■ **WORK TASK**
Take the lines below from the one with "Ericsson и МОТИВ" through the one with "PL_1_24_5-104_1381.jpg" and print only them, exactly. Don't print the pictures.

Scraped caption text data
****

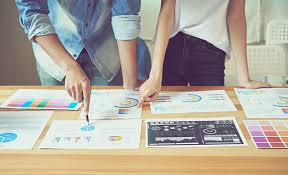 image: images?q=tbn:ANd9GcQq7ZBz3_UKdPI1F6f_pjzIVoS-Boxg70bqsA&usqp=CAU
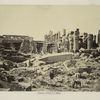 Karnak - Temple of Amon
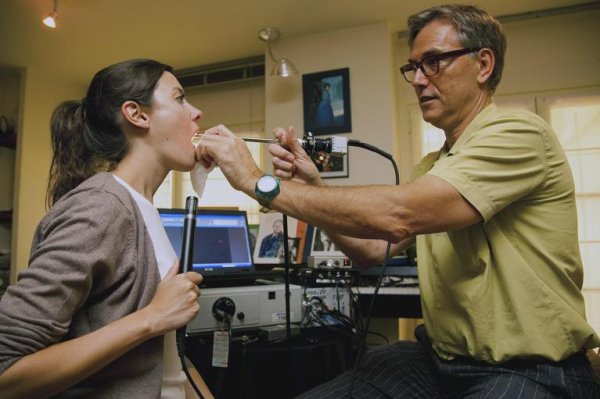 云上速配 10月31日外媒科学网站摘要：千团大战“虚拟细胞”，AI破解生命密码还有多远？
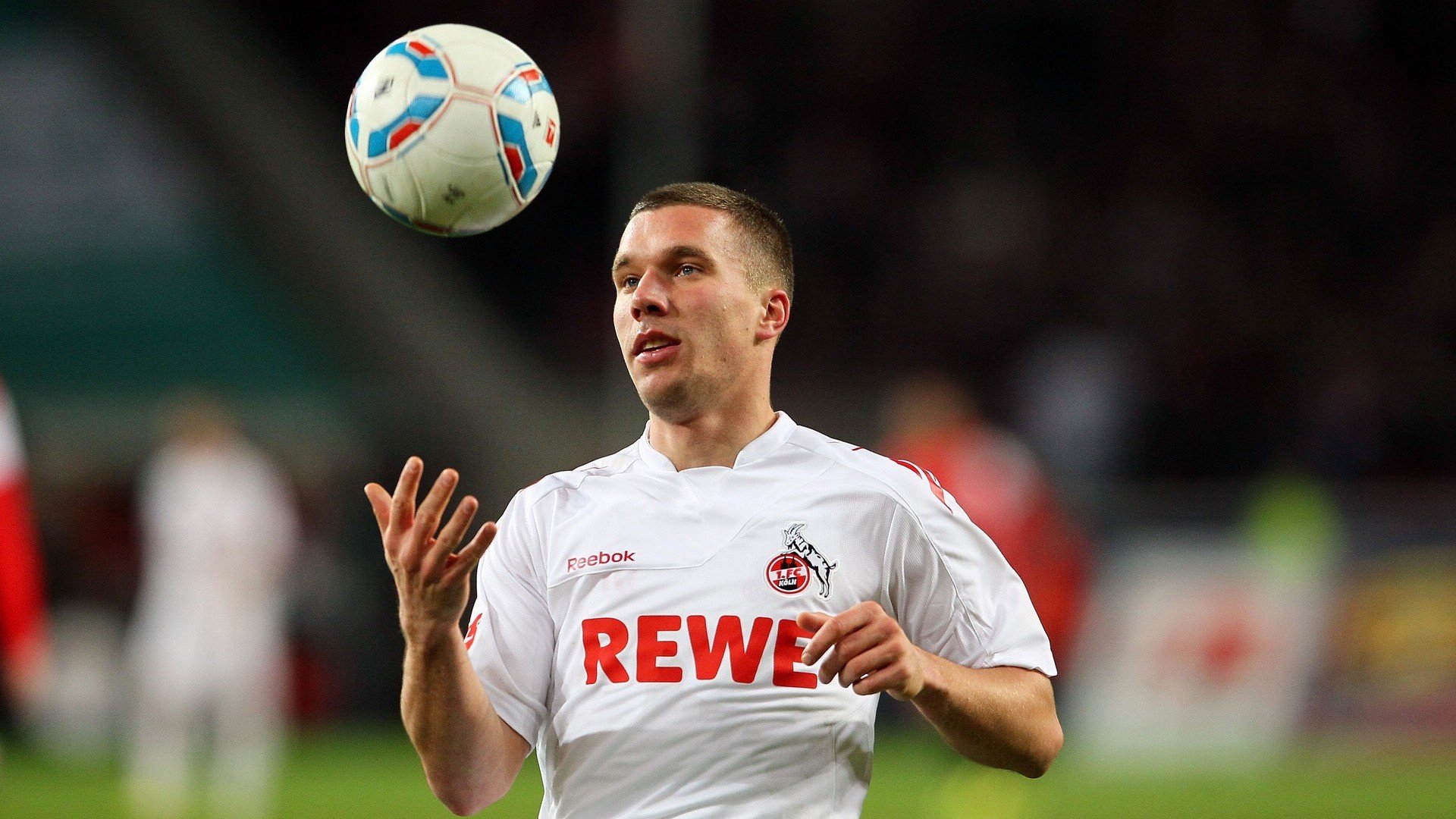 开云体育2026-阿圭罗的刀锋，当悬念被提前终结，足球还剩什么？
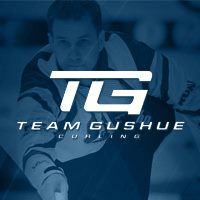 Team Gushue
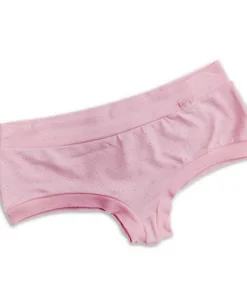 CULOTE FANTASIA ROSA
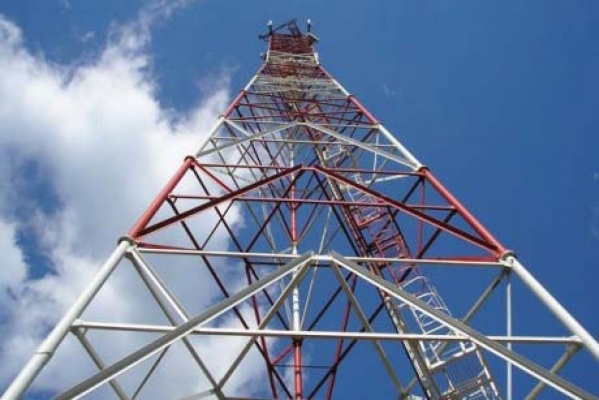 Ericsson и МОТИВ расширяют зону покрытия 4G LTE на Урале - Фото 1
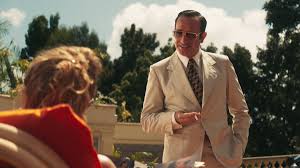Jean valjean, fictional character in novel les misérables and its adaptations; Festival De Cannes On Twitter From Africa With Love Part 3 Of The Oss 117 Saga Tonight At 8 30pm At The Grand Theatre Lumiere Join Nicolas Bedos Jean Dujardin Pierre Niney
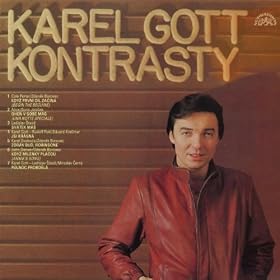 Kontrasty (p?v. LP)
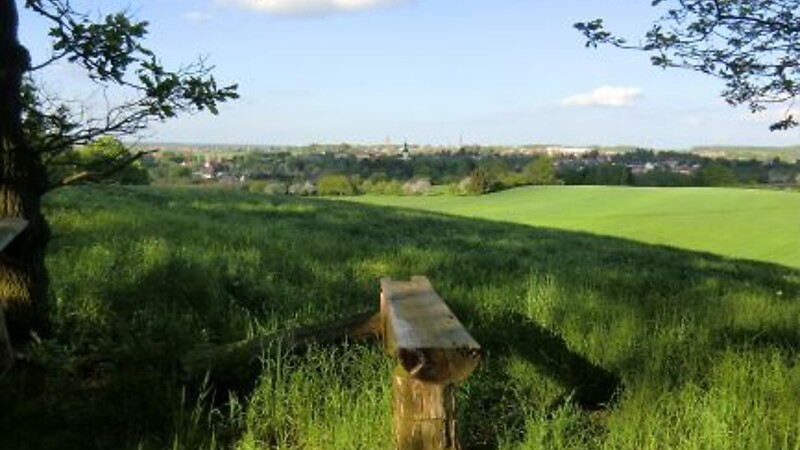 Zemljevid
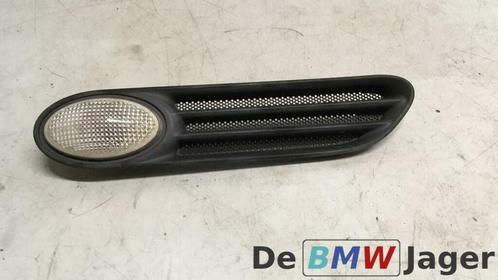 Knipperlicht spatbord links wit Mini R50 R53 1503560, Auto-onderdelen, Verlichting, Mini, Gebruikt, Ophalen of Verzenden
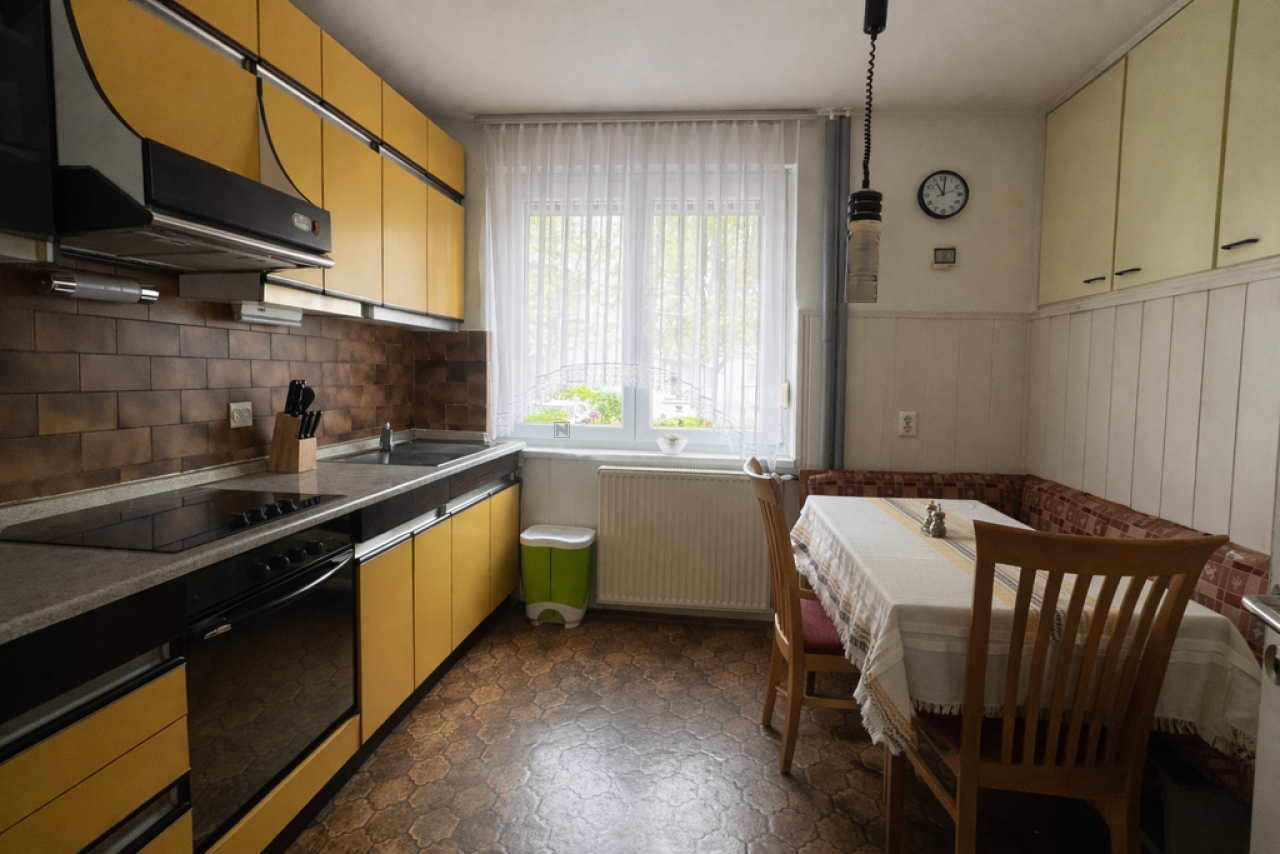 Дом в Любляне, Словения, 185 м² - фото 6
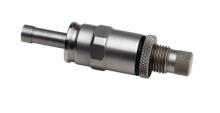 Hornady 050129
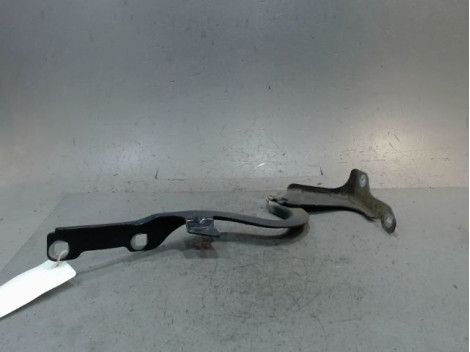 COMPAS DROIT CAPOT PEUGEOT 308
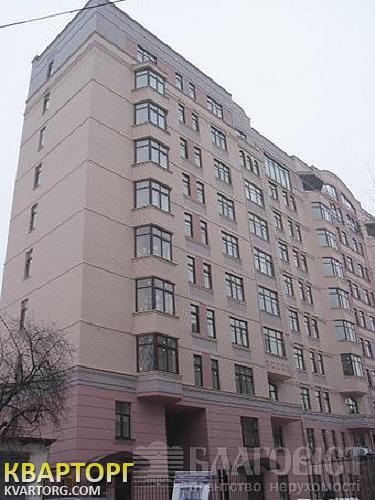 Sell 2-room apartment. Киев,  Пирогова — photo 1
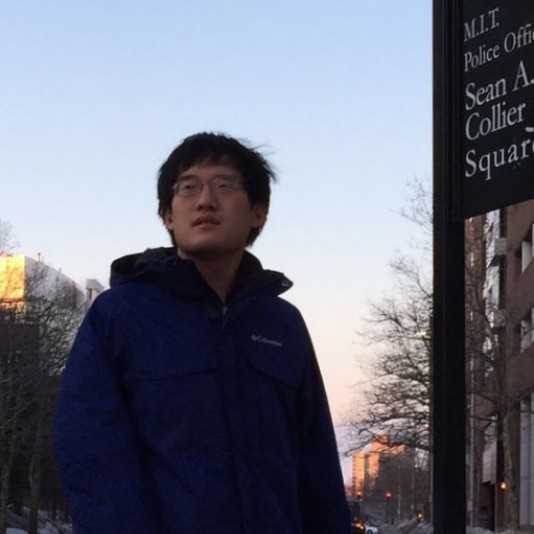 18个月，OpenAI这支团队搞出了GPT-4o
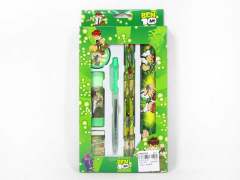 Stationery Set toys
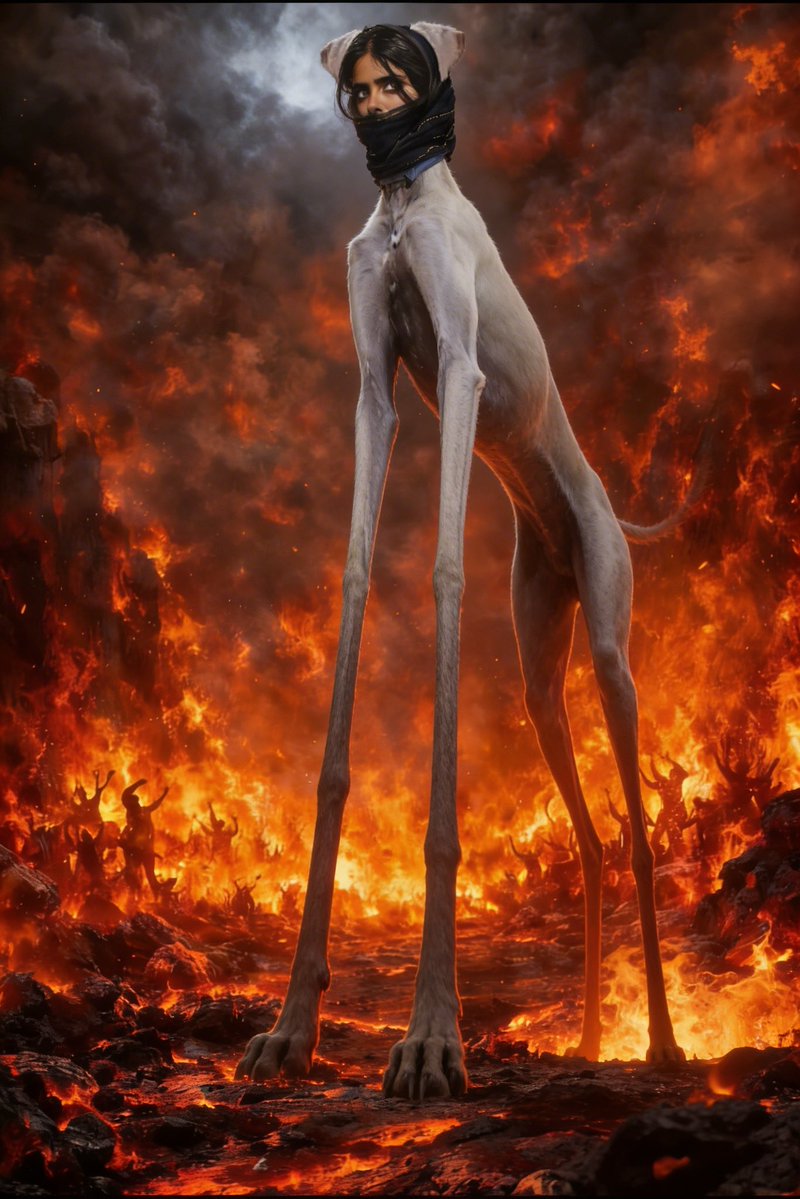 ููุงุทู
ููู tweet media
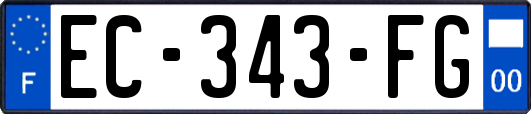 EC-343-FG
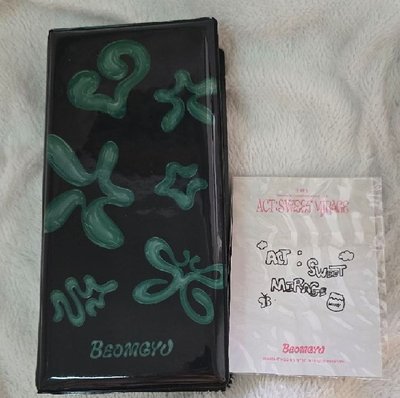 23巡迴 杋圭四格卡卡冊（含圖二四格卡）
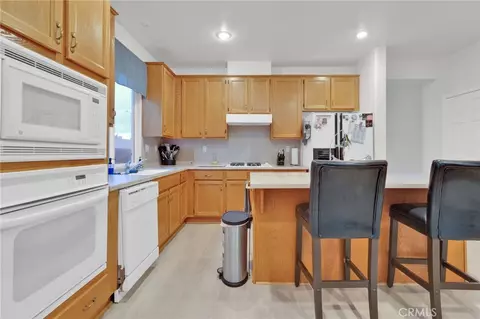 Kitchen - 30809 Point Woods Ct, Temecula, CA 92591 photo 2 of 3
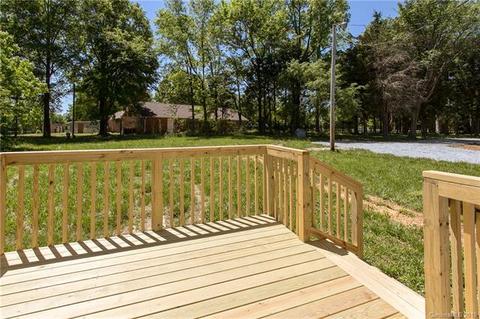 3834 Winchester Rd, Monroe, NC 28110 photo 21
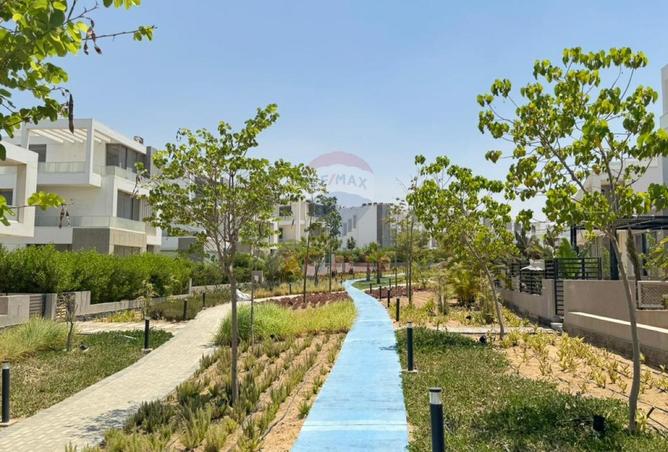 64129784 - Property Image 2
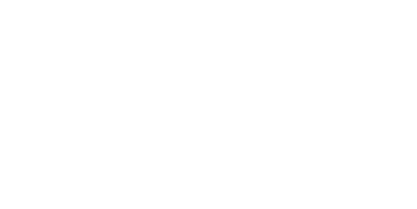 Logo of Susana Balbo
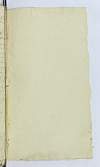 PL_1_24_5-104_1381.jpg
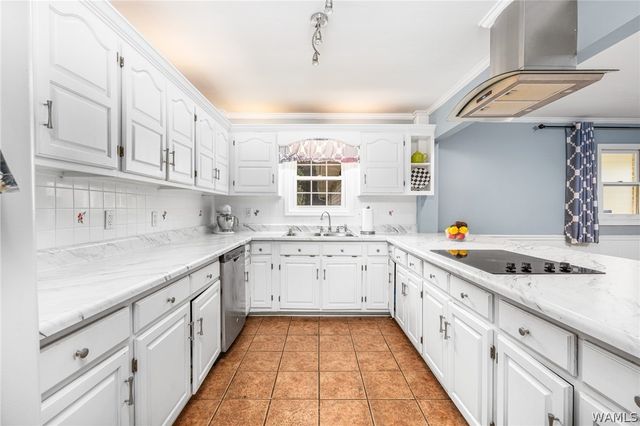 14774 Bel Aire, Coker, AL 35452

****

■ **WRITTEN RESPONSE**
 Ericsson и МОТИВ расширяют зону покрытия 4G LTE на Урале - Фото 1
Jean valjean, fictional character in novel les misérables and its adaptations; Festival De Cannes On Twitter From Africa With Love Part 3 Of The Oss 117 Saga Tonight At 8 30pm At The Grand Theatre Lumiere Join Nicolas Bedos Jean Dujardin Pierre Niney
 Kontrasty (p?v. LP)
 Zemljevid
 Knipperlicht spatbord links wit Mini R50 R53 1503560, Auto-onderdelen, Verlichting, Mini, Gebruikt, Ophalen of Verzenden
 Дом в Любляне, Словения, 185 м² - фото 6
 Hornady 050129
 COMPAS DROIT CAPOT PEUGEOT 308
 Sell 2-room apartment. Киев,  Пирогова — photo 1
 18个月，OpenAI这支团队搞出了GPT-4o
 Stationery Set toys
 ููุงุทู
ููู tweet media
 EC-343-FG
 23巡迴 杋圭四格卡卡冊（含圖二四格卡）
 Kitchen - 30809 Point Woods Ct, Temecula, CA 92591 photo 2 of 3
 3834 Winchester Rd, Monroe, NC 28110 photo 21
 64129784 - Property Image 2
 Logo of Susana Balbo
 PL_1_24_5-104_1381.jpg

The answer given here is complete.